So that you would need really complicated bridging infrastructure to be able to do that. But if you have this liquefaction framework set up, you could just encumber the two tokens.
Now, their logic is defined by smart contracts in the T.
And now you could have both addresses commit to sending the transaction to the other address.
So how that would work is basically the logic that's implemented for each token is send the token to Alice once Alice has committed to sending the token to Bob.
committed to sending the token to Bob.
Right.
So, I mean, what I think is really cool about that is what you're essentially describing
is what happens on centralized exchanges.
So what you're selling is you can build a decentralized exchange that is as functional
or offers the same security guarantees as a centralized exchange and potentially is far more performant as well
because you can get sort of instant finality maybe not like you know a 10 000 transaction
per second instant finality but you can get the same instant finality you get on a centralized
exchange using this decentralized exchange which I think potentially has the power to
transform, you know, the A and M space that exists today.
Yeah, there's definitely a lot of things that can be studied on top of decentralized
exchanges.

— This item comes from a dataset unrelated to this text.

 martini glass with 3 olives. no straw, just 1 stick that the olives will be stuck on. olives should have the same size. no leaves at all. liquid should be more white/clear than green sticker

I also really like the flexibility task is on a centralized exchange, the kind of
ask is on a centralized exchange, the kind of logic you can add on top of your funds or what you can any developer can implement their own
product on top of this exchange and be able to interact with different funds and be able to
exchange them securely and do whatever they want without the need to actually implement
all the bridging infrastructure right I mean I, yeah, you can build, for example, functionality that's associated with KYC. You can build lending, you can build trading, you can build all of that into like one sort of platform while remaining decentralized.
And yeah, not having to trust like right now, you know, the comparison is like the Bitcoin to Ethereum transaction that you just talked about would require like a rapid coin, which requires BitGo, which requires which means you have a third party custodian that you have to trust.
And then some bridging solution that you have to trust in order to get wrapped BTC on Ethereum.
But then how do you get the BTC back to Bitcoin?
You'd probably sell that on a decentralized exchange
or a centralized exchange,
and then take your stablecoin in the middle
and then buy Bitcoin on the Bitcoin network
or on a centralized exchange.
So it's a lot of steps,
and there's many third-party trust assumptions
that have to be made.
But you're saying that with basically
this sort of overlay smart contracts,
this can be entirely eliminated.
Yeah.
I mean, there's always a benefit to having a company,
generally liability assurance, but decentralization has great benefits too.
So, yeah. Yeah. So, yeah.
Yeah.
Okay, cool.
I mean, I guess changing it up, we talked about some use cases.
I'd like to talk a little bit more now about why Sapphire,
and maybe going a little bit further than why Sapphire,
why these use cases need what we call a persistent state.
Why can't you just do this on Google Confidential VMs or AWS Nitro?
So why did you guys choose one Oasis Sapphire for your TE provider?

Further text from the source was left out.